Yeah I know Mike, but as you know I like to break my own stuff.  

I just thought if I could figure out how to set up a controller with a brake/coast dial, then I could also try it for sensitivity as well. Just somethign I wouldn't mind knowing how to do.


----------



## TX Street Racer (May 8, 2004)

mking said:


> slotpro sells already built controllers for $79.99
> 
> since TX spent almost that much in parts, it seems easier just to buy an already built controller.



Actually, let's compare apples to apples. The controller I just built is not even comparable to the one Slot Pro sells.

MY controller has an aluminum frame and cooling heatsink, AND built in fuse protection.

I honestly feel as if I've made a wise investment in what I have......

Here's a couple pics......


----------



## martybauer31 (Jan 27, 2004)

Hey, looks great TX, nice work! Looks like a good investment to me.... If you have any tips or make up a mini "how-to", i'd love to see it!


----------



## TX Street Racer (May 8, 2004)

martybauer31 said:


> Hey, looks great TX, nice work! Looks like a good investment to me.... If you have any tips or make up a mini "how-to", i'd love to see it!

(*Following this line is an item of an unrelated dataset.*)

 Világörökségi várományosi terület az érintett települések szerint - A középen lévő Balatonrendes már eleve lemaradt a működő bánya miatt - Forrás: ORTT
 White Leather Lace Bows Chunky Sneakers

Marty, the first thing I'll say is get your Dremel out before customizing one of these controllers with the inner frame. I did a considerable amount of grinding and fitting to get the fuse holder to fit how I wanted it to.

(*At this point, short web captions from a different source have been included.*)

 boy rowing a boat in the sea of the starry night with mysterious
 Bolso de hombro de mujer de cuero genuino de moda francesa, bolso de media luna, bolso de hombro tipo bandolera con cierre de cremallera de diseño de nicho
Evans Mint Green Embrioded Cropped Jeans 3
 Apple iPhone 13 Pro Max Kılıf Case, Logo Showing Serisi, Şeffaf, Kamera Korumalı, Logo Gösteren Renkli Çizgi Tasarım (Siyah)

Also, before mounting the brake pot in the nose you'll have to flip the resistor bolt around...AND grind the head severely for clearance against the brake pot.

When you wire up the brake pot only hook up the middle wire, and one wire on either side......doesn't matter which (or so I read)

One thing to remember, IF you have a brake pot installed and hook up the controller wrong you will blow the pot. Take the controller apart and switch the wire that was on one side of the middle wire to the other position on the pot...and you'll be back in buisiness :thumbsup: 

LMK if you have any other questions and I'll do my best to help you out with ino


----------



## martybauer31 (Jan 27, 2004)

Hey TX, I have a dumb question for you... maybe 2. Do the brakes work without the brake wire, some of the controllers out there work like that don't they? Or am I way off? I just know at the fray they only have 2 wire stations so the controllers need to work with out the red wire.

You also mentioned that if you hook up wrong, the pot will blow, wouldn't the fuse blow before the pot? If not, what exactly does having the fuse help with?

I'm just looking at doing something like this to have as a backup for my fray cars. Like I mentioned in another thread, I dropped my Difalco and it's been sent off to be fixed. All the rest of my controllers are 3-wire and really are meant for faster cars like G-Jets and G3 super stocks, I tried one with my fray car tonight and I had no control at all. it would be nice to have something simple like this that would work if I get clumsy again and need something immediately.


----------



## TX Street Racer (May 8, 2004)

Good morning Marty, first off, let me start by posting the links that I used as information to help me build my controller. I just took bits and pieces from these links and a bit of guesswork to come up with what I have. I'm definately NOT an electrical genious.....so this was tough on me and probably why it took me a while to build my controller. For someone who's experienced with ohms and controllers it'd be a breeze for sure...

Links:

http://www.slotcartalk.com/slotcartalk/showthread.php?t=11096

http://www.slotcarcorner.com/Articles/VarBrakes/VarBrakes.asp

Now, as I understand it......without using the brake wire you'd still have a sort of "on and off" type of braking....not as smooth without the brake pot. At least that's how I've understood it. I nor none of my friends at this time even own a track wired for brakes. I plan to wire my track for brakes....but that's still a ways off. I merely wanted to build my "hot rod" controller to have the ability of a brake pot in case I were to travel to a track that does have brakes.....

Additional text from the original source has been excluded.